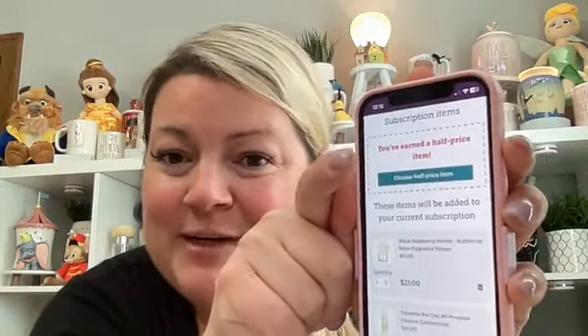When you remove items, if your total drops below the threshold for a half-off item it gets pulled from your cart, but it prompts you again to choose a half-price item. They want the Whiff Box half price again next month, so we select that. It shows when their order will process, and you scroll to the bottom and click Update Subscription. If they change their mind on any items before June 5th, they can go in and make changes.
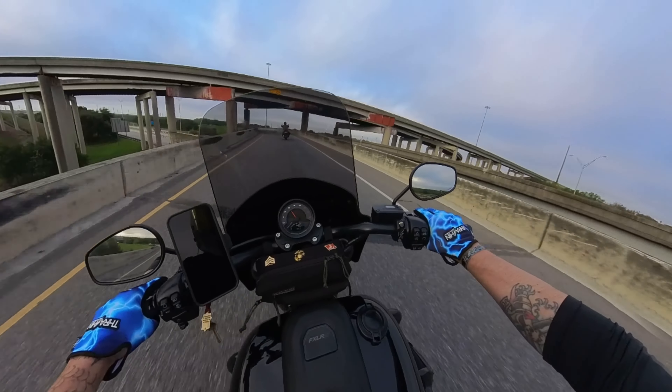Another huge difference I noticed on the Lowrider S is the gas tank. Obviously the gas tank seems a lot bigger when you sit on the bike coming from a Street Bob. If I remember correctly I think the Street Bob has like a 3.1 gallon tank, and the Lowrider S is about 5 gallons — correct me if I'm wrong on that — but the size difference is definitely noticeable.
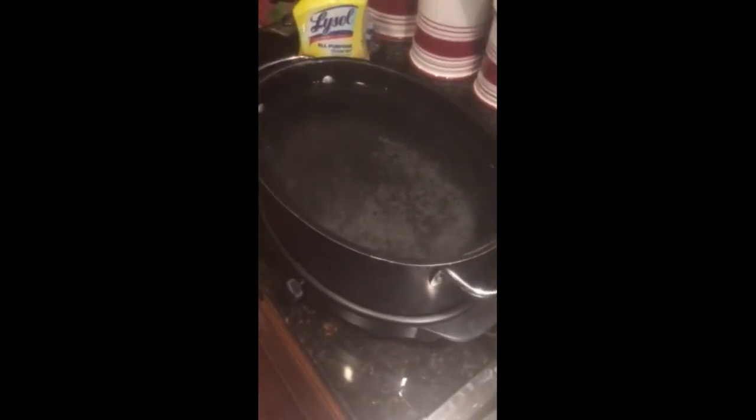There's this sediment that keeps forming in there, but I think I can just filter that out with a coffee filter.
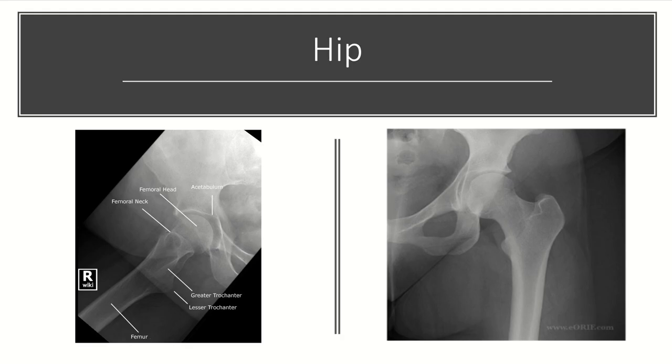The hip series typically includes an AP of the pelvis, as well as an AP and a lateral of the hip. The AP of the hip is pretty much a straight shot, just trying to visualize the joint space. On the lateral, you would like to see the femoral shaft, femoral neck, and femoral head relatively in line. Recall that the lesser trochanter is a posterior structure.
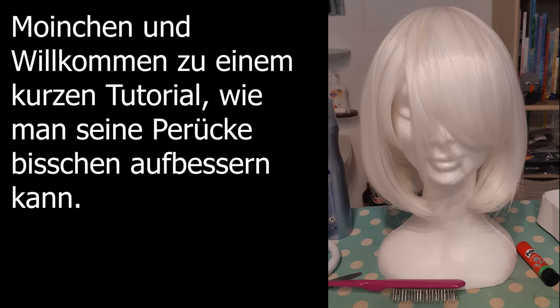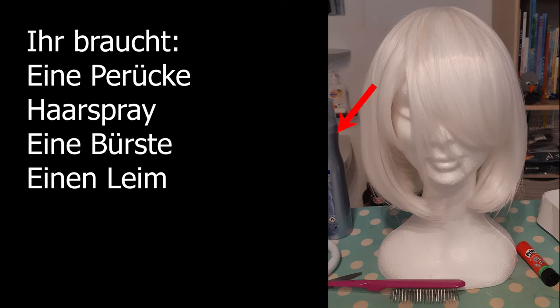Morning everyone and welcome to a quick tutorial on how to touch up your wig a little bit. First up, you'll need a wig, some hairspray, a brush and some glue.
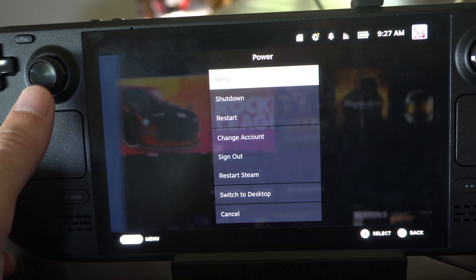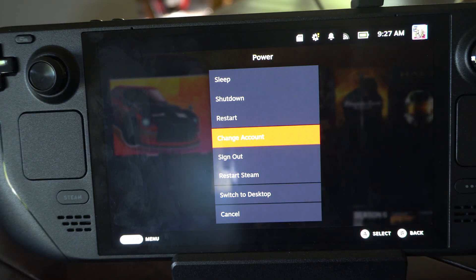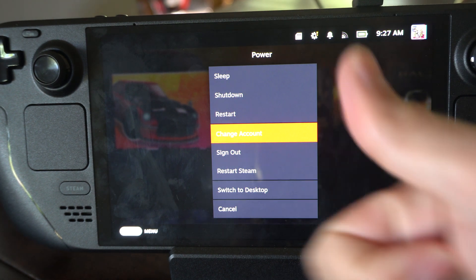Otherwise, you can just go to Switch Account and then sign in with a different account. I believe you won't have to sign out of your profile and then re-sign in. So just choose one of these options and you should be good to go.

Exercise aim ▸
Restate the lines above from the one containing "Another huge difference" through the one containing "There's this sediment", inclusive, exactly and without pictures.

Result ▸
Another huge difference I noticed on the Lowrider S is the gas tank. Obviously the gas tank seems a lot bigger when you sit on the bike coming from a Street Bob. If I remember correctly I think the Street Bob has like a 3.1 gallon tank, and the Lowrider S is about 5 gallons — correct me if I'm wrong on that — but the size difference is definitely noticeable.
There's this sediment that keeps forming in there, but I think I can just filter that out with a coffee filter.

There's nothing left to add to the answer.